Toast. Good toast. Thanks for your time… Seriously though… There’s good variety in the seasonal slices from hummus with cucumber and chilli flakes, beef with pickle and cheese, through to not so savoury ones like banana with honeycomb crackle. Coffees is roasted by seven seeds and has been on the mark each time I’ve been in. Staff are always courteous and polite. As the weather gets warmer there’s a casual outdoor section too. Try it out!
Jill B.
Place rating: 4 Richmond, Melbourne, Australia
Artisan gourmet toast + delicious coffee + some of the friendliest service I’ve encountered = winner for Crompton! I couldn’t decide which toast to order so decided to start at the top of the menu and work my way down on following visits. So on this occasion I had the avocado from the seasonal menu. It was good. Not outstanding, but good.
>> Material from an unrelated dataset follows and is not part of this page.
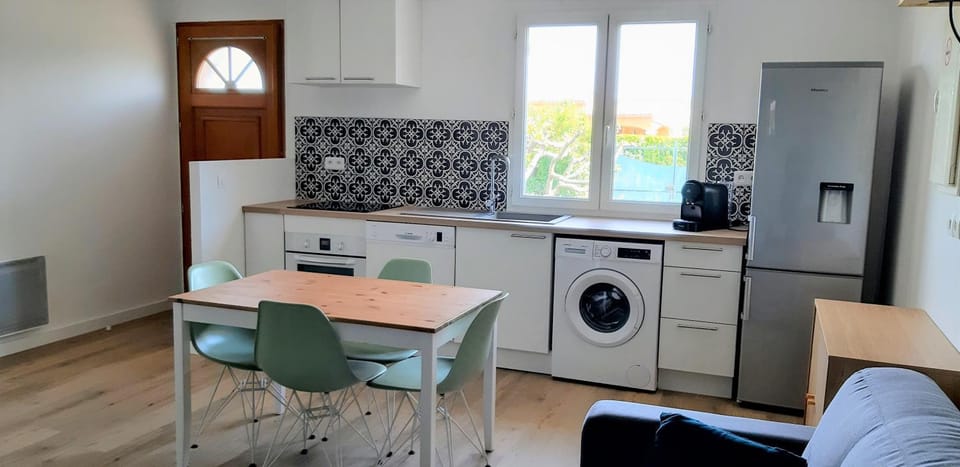 Kitchen or kitchenette, Dining area, kitchen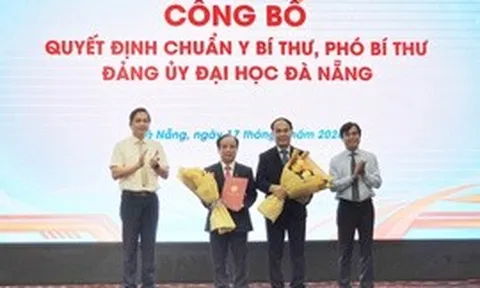 Công bố quyết định chuẩn y Bí thư, Phó Bí thư Đảng ủy Đại học Đà Nẵng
Bread was tasty and the fresh coriander on top added some zing. Others that sounded tempting were the corned beef with pickles, the hummus with cucumber and chilli, the grilled pears with blue cheese and walnuts and the pumpkin with feta and caramelised onions. Oh my. Too much deliciousness — and these are just the savoury options! Coffee was good and they are serving bottomless sparkling water like a lot of cafes have started to do these days. Service was so super friendly so I had to bump my review up to 4 stars. I’ll be back to work my way down the menu…
Tresna L.
Place rating: 4 Melbourne, Australia
Artisanal toast. It’s a thing. Truly. The American’s seem to have got on to the«trend» first and now it’s trickling in to Australia years later. Crompton have a pretty good crack at it, with big chunks of Rustica sourdough topped with both sweet and savoury options. My pick is the peanut butter with sea salt, though be sure to have a coffee on hand to get around that stick-to-the-roof-of-your-mouth feeling. The coffee here is delicious, so it’s absolutely a viable option for a weekend brunch or even afternoon tea if you’d rather eat fancy toast over cake. Some people scoff at the idea of artisanal toast, but I’m all for it. When you have such great ingredients served in a way that is both familiar but innovative, why can’t this be as highly regarded as some of the other breakfast options around? My only reason for not giving Crompton five stars is that I’d really like the interior of the toast to be warm. It’s no doubt a tricky thing to do when you’re serving up massive chunks of bread that need to be crispy and hot on the outside, though not burnt, but I think the consistency of heat right the way through is what many American toast places get right.